Labor pledges to cut emissions 43 per cent by 2030

Federal Labor has pledged to cut emissions 43 per cent by 2030 if it wins power at the election.

The target is weaker than the 45 per cent cut the opposition took to the 2019 poll and what the Business Council of Australia has called for.

Labor has agreed to gradually strengthen obligations on polluters through a tightening of the government’s existing safeguard mechanism.

This was something called for by the Business Council and was labelled by the coalition as a carbon tax by stealth. 

Opposition Leader Anthony Albanese said Labor’s plan would create 604,000 jobs, five out of six of them in the regions.

It was also expected to cut household power bills by $275 a year by 2025.

“What we have done here and we are announcing today is good policy consistent with net zero (emissions) by 2050,” he told told reporters in Canberra on Friday.

“What we didn’t do was adopt a target and then work back.

“This plan will ensure that no business and no worker is left behind. It ensures that Australia can take our place, which we should, as a renewable energy superpower for the world.”

Speaking ahead of the Labor policy launch, Prime Minister Scott Morrison claimed it would force up electricity prices and put people out of jobs.

“I don’t agree that is the right policy for Australia.
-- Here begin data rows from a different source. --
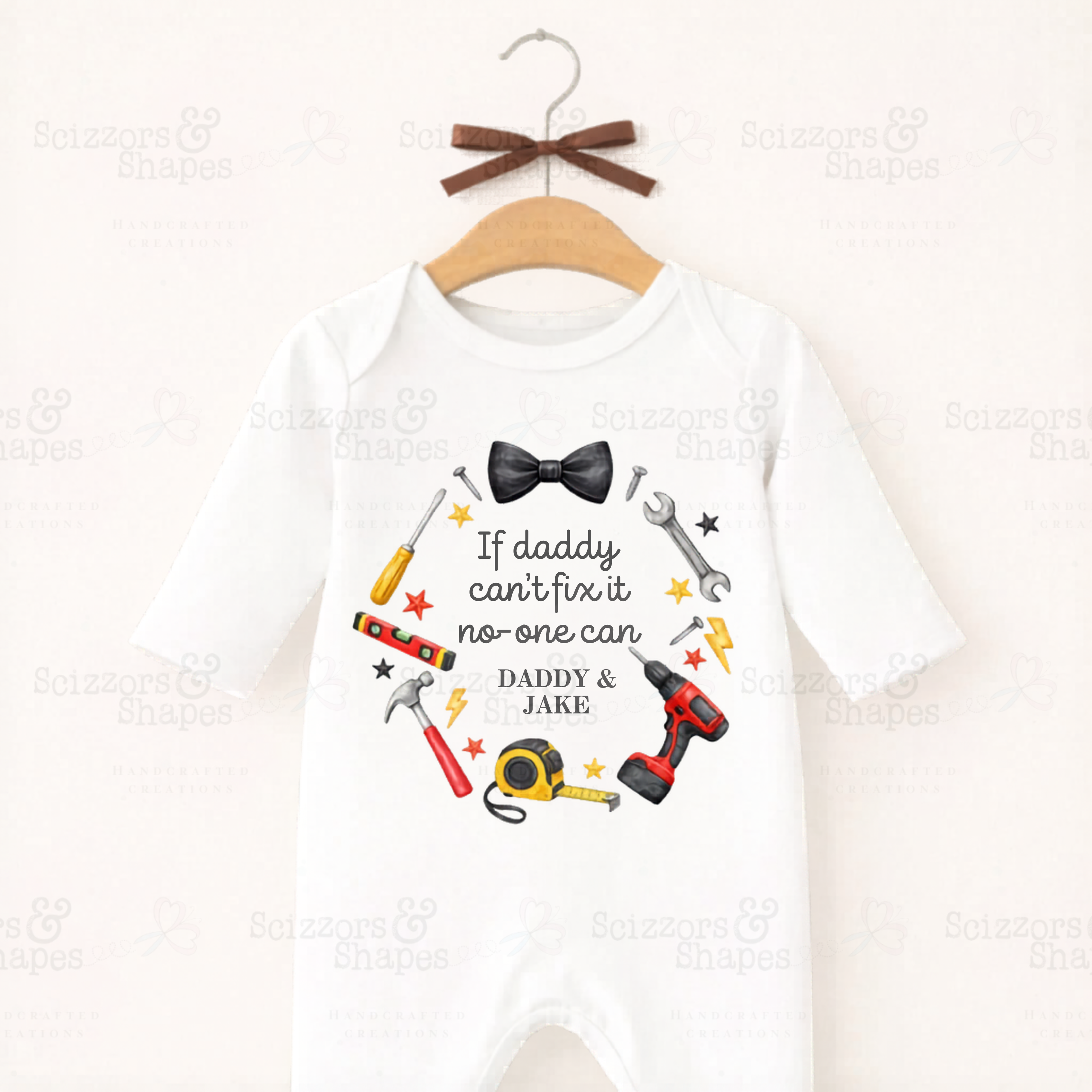 If Daddy Can't Fix It Sleepsuit, Fathers Day Gift, Baby Fathers Day Outfit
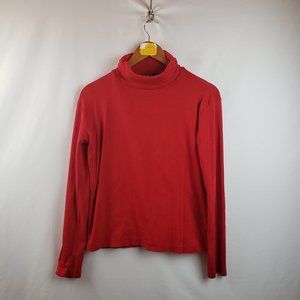 Zena Essentials Womens Long Sleeve Turtleneck Red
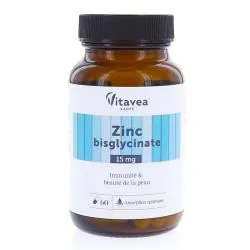 VITAVEA Zinc Bisglycinate 60 gélules 15 mg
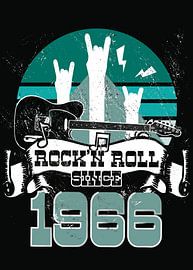 Rock N Roll Since 1966 Father's Day Gift for Dads by Millennial Prints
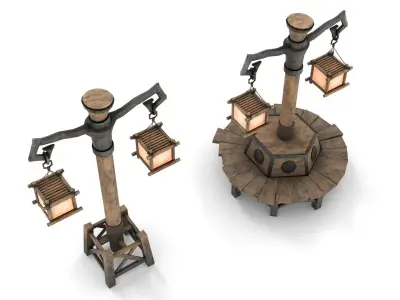 Fantasy Street Lamp Low-poly 3D model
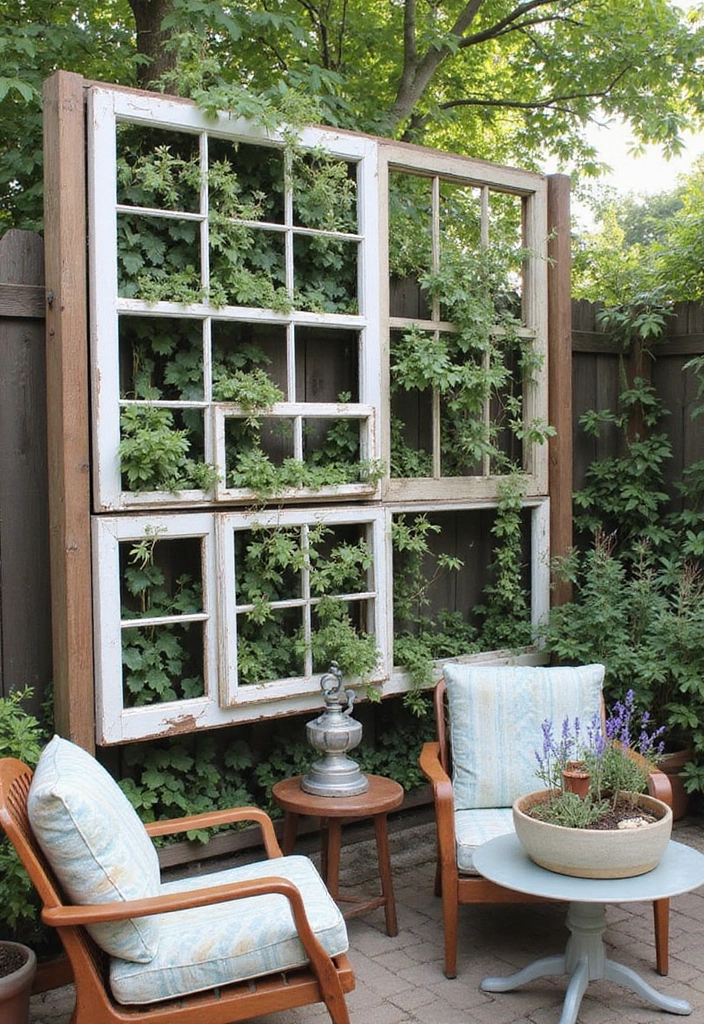 25+ Patio Wall Ideas to Upgrade Your Outdoor Space - 25. Upcycled Window Frames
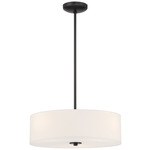 Mid Town Pendant - Matte Black / White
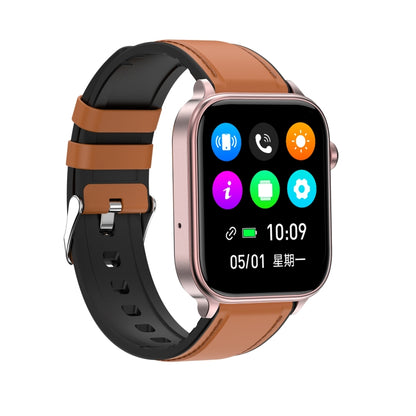 ET570 1.96 inch Color Screen Smart Watch Leather Strap, Support Bluetooth Call / ECG(Brown) - Smart Watches by PMC Jewellery | Online Shopping South Africa | PMC Jewellery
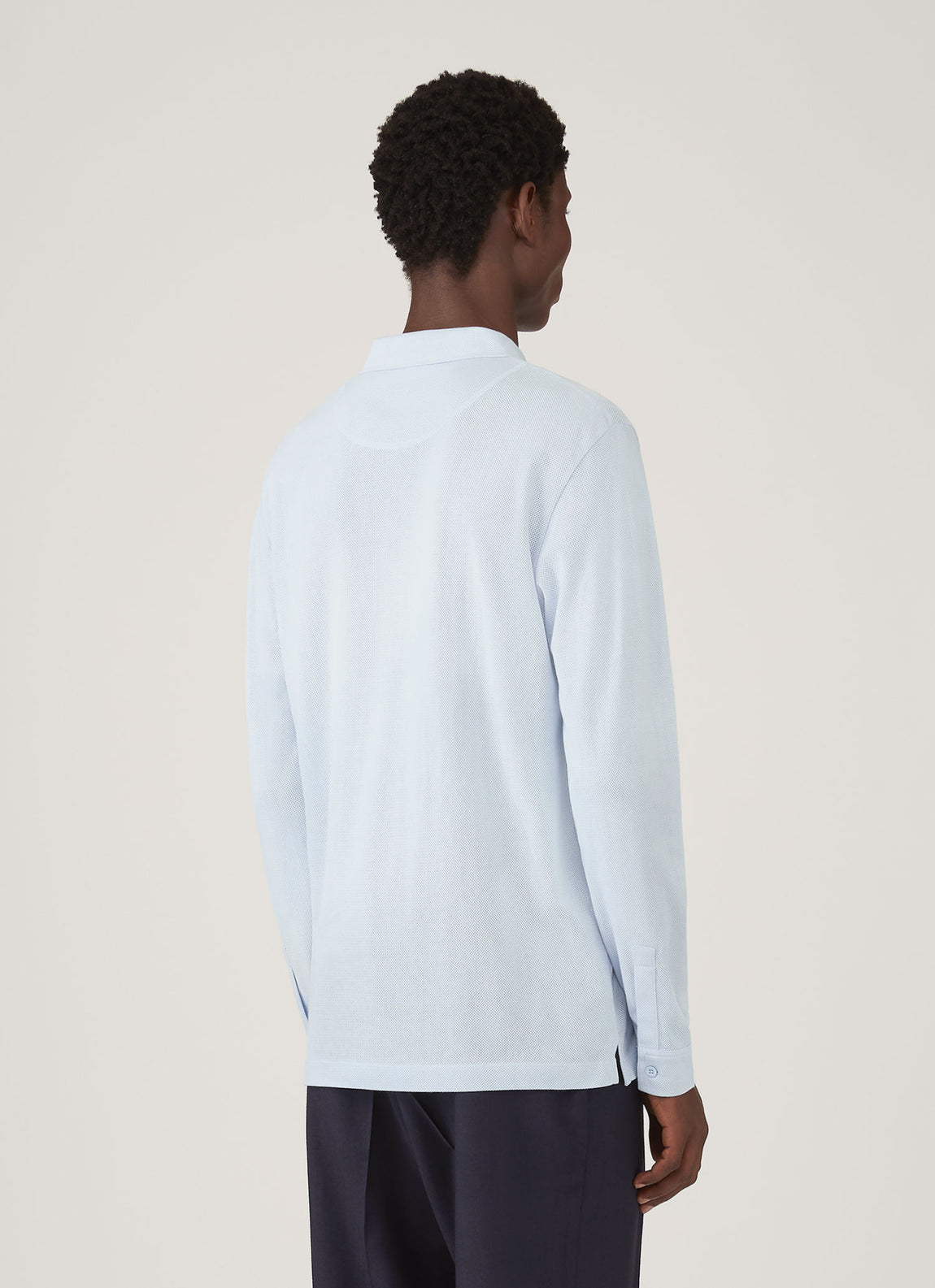 Men's Long Sleeve Riviera Polo Shirt in Frost Blue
I don’t think that policy keeps the balance right,” he said from Cooma in NSW.

The coalition government has a 2030 target of a 26-to-28 per cent emissions cut on 2005 levels.

But the government is projecting a cut of between 30 and 35 per cent. 
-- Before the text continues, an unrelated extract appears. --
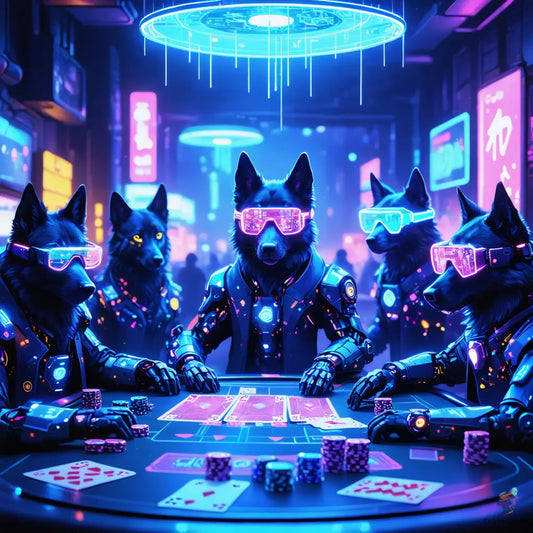 A Modern Cyberpunk Twist on Dogs Playing Card CognitiCanvas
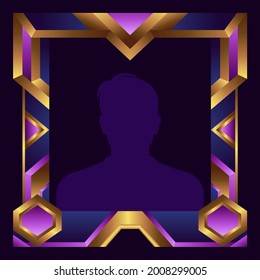 Avatar Border Gaming Design. Elegant Gaming Frame Border Vector Design For Game, Social Media, Twitch Face Cam, Profile Picture.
Labor’s target was panned by Greens leader Adam Bandt, who accused the opposition of giving up on climate change.

“These targets take us past the point of no return. The Liberals are taking us over the cliff at 200 km/h while Labor’s promising to do it at 180 km/h,” he said.

Polling from progressive think tank the Australia Institute shows about a quarter of 1010 people surveyed saw climate change as the most important political issue, roughly on par with the economy.

Climate change was the most important issue for 30 per cent of Labor voters, while 37 per cent of coalition voters saw the economy as paramount. 

The Business Council in October backed an emissions cut of between 46 and 50 per cent by 2030.